От этих трагических месяцев до Великой Победы война длилась долгих четыре года с тяжкими отступлениями вплоть до самой Москвы, а затем и до Волги, с последующими кровопролитными наступлениями и многомиллионными людскими потерями, какие понес за этот срок весь народ. А среди тех фронтовиков, кто вернулся потом к мирной жизни, был и довоенный еврейский поэт, которого эта война превратила в русского писателя, прославившегося своими произведениями о ней. И которому, чтобы попасть в окопы и там, испытав в полной мере свою судьбу, увидеть и пережить все то, о чем он должен будет рассказать, пришлось отчаянно пробиваться сквозь целую череду людских преград на этом его заветном пути.


Великая Отечественная война застала Эммануила Казакевича в возрасте двадцати восьми лет, отцом двоих малолетних детей и профессиональным поэтом, писавшим по-еврейски, на идиш. Он жил тогда с семьей под Москвой, снимая маленькую квартирку в Песках, покинув совсем Биробиджан в 1937 году. В тот тридцать седьмой, также ставший приснопамятным годом, он приехал в Москву повидать сестру и знакомых. С собой он захватил написанную на биробиджанском материале пьесу в стихах «Молоко и мед», чтобы показать ее известным еврейским писателям, жившим в Москве. И здесь получил известие, что возвращаться ему домой сейчас нельзя. Что означало такое предупреждение, объяснять в те времена не требовалось: по стране катилась своя внутренняя война – лавина разоблачений и арестов «врагов народа». Он остался покуда в Москве и вызвал жену с детьми, у них только что родилась вторая дочь.

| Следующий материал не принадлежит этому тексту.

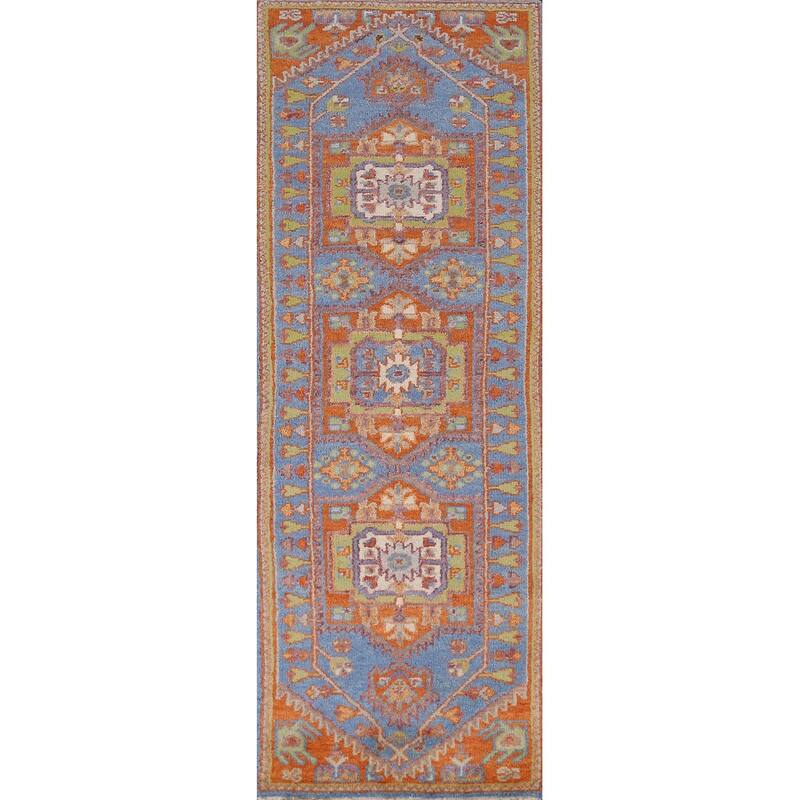 Blue Geometric Heriz Serapi Style Runner Rug Handmade Wool Carpet - 2'5" x 7'11"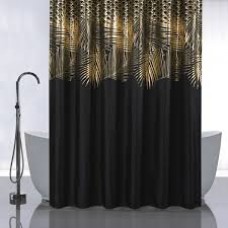 Шторка для ванной 180*180 Золотые перья на черном, без колец 01-107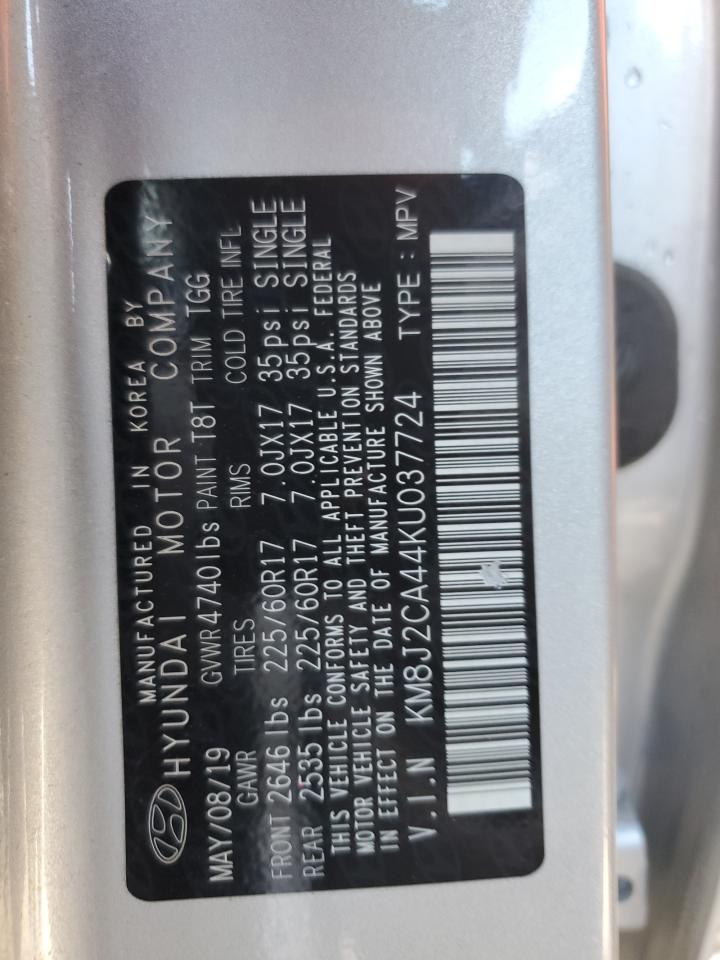 2019 Hyundai Tucson Se VIN: KM8J2CA44KU037724 Lot: 79482913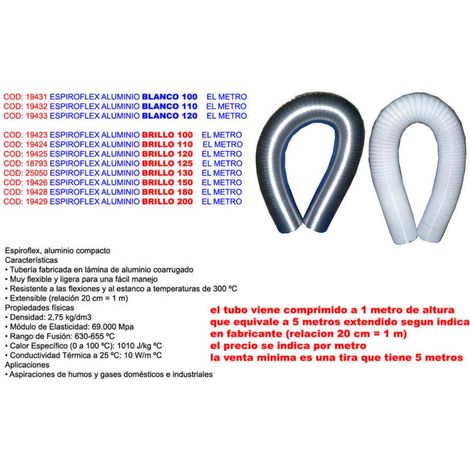 Tubo flessibile in alluminio per estrazione fumi lucido 150 mm al metro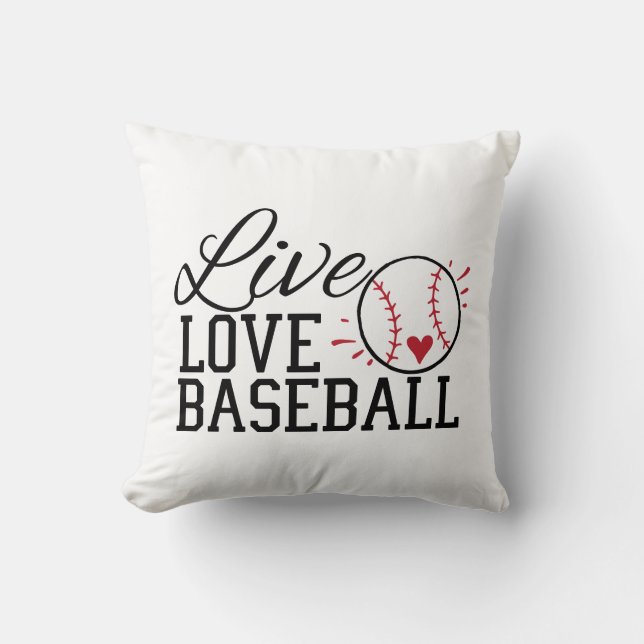 Live-Liebe Baseball Kissen (Vorderseite)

Приехавшая жена рассказала о переименовании улицы, названной в честь его покойного отца. Эммануил с болью представил себе, как сбивают дорогие таблички с домов, поднявшихся на их глазах, при их участии. Эти таблички были не только его сыновней гордостью, они уже воплощали историю, стали памятью и признанием совершенных дел – его отец и также умершая здесь, в суровом краю, мать, и он сам прибыли в Биробиджан с родной Украины в период первоначального освоения этого глубинного таежного района, выделенного для еврейской национальной автономии на Дальнем Востоке. В то время громко разворачивалась индустриализация страны, и переселенцы из Украины, Белоруссии и даже из заграничной дали не задумывались, что обретение ими национального «очага», «обетованной земли» производится, как и все в стране Советов, по-большевистски, указкой человечьего перста. И Казакевич-старший, который был в «мирное время», до первой мировой войны, учителем еврейской благотворительной школы для бедных детей, став затем на Украине после Октября видным публицистом и литературным критиком, полностью посвятил себя национальному и культурному развитию своего народа, получившего еще во время Февральской революции все возможности полноправной жизни. Он вступил в коммунистическую партию. Его назначили редактором республиканской еврейской газеты и литературного журнала, позднее – директором республиканского еврейского театра. И по прибытии из столичного Харькова на Дальний Восток он возглавил здешнюю газету «Биробиджанер Штерн».

А приехавший ранее, первым из их семьи, восемнадцатилетний Эммануил с энтузиазмом корчевал тайгу, возводил на этой земле деревянные постройки, работал в газете, организовывал один из колхозов, заведовал местным радиовещанием, затем смело сделался начальником строительства капитального Дома культуры, наконец, создавал и был первым директором Биробиджанского театра. И – в любом амплуа – писал и переводил на идиш стихи, более всего Гейне с немецкого и Маяковского. Их дом, их семья были в этой глухомани, как ранее в столичном Харькове, бастионом культуры. И там, в Биробиджане, у Эммануила вышла первая книга стихов, с которой он вступил в Союз писателей.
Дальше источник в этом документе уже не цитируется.